- **Source material**:
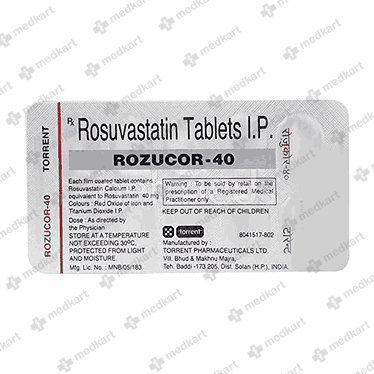 ROZUCOR 40MG TABLET 10'S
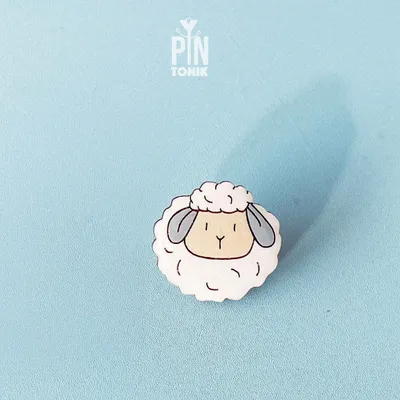 Broches - Fluffy Sheep - Wooden Pin - PINTONIK
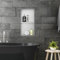 LuxeBath Wandnische Doppel aus Edelstahl, 30x60x10 cm, Silber, Duschnische, Randlos, Einbauregal, Flexibler Einbau, Befliesbare Nische für Badutensilien, Duschablage, Doppelregal Badezimmer Lagerung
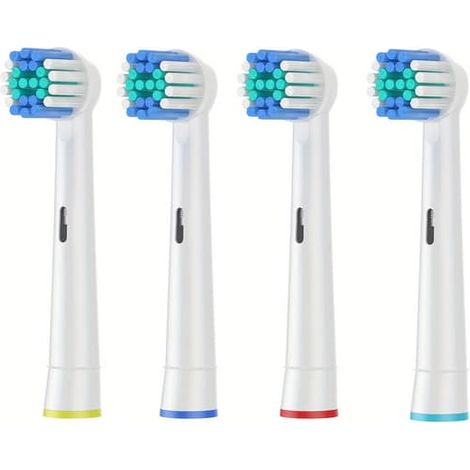 4/16/20/80 têtes de brosse de rechange pour brosse à dents électrique Oral-B Sensitive D25 D30 D32 D18 4739 3709 4728 D4510 SB17A-4pcs (1/5)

- **How to complete this task**:
Give the lines from the one containing "Broches - Fluffy" through the final line of the material again, exactly and in full, but without pictures.

- **Result of this exercise**:
 Broches - Fluffy Sheep - Wooden Pin - PINTONIK
 LuxeBath Wandnische Doppel aus Edelstahl, 30x60x10 cm, Silber, Duschnische, Randlos, Einbauregal, Flexibler Einbau, Befliesbare Nische für Badutensilien, Duschablage, Doppelregal Badezimmer Lagerung
 4/16/20/80 têtes de brosse de rechange pour brosse à dents électrique Oral-B Sensitive D25 D30 D32 D18 4739 3709 4728 D4510 SB17A-4pcs (1/5)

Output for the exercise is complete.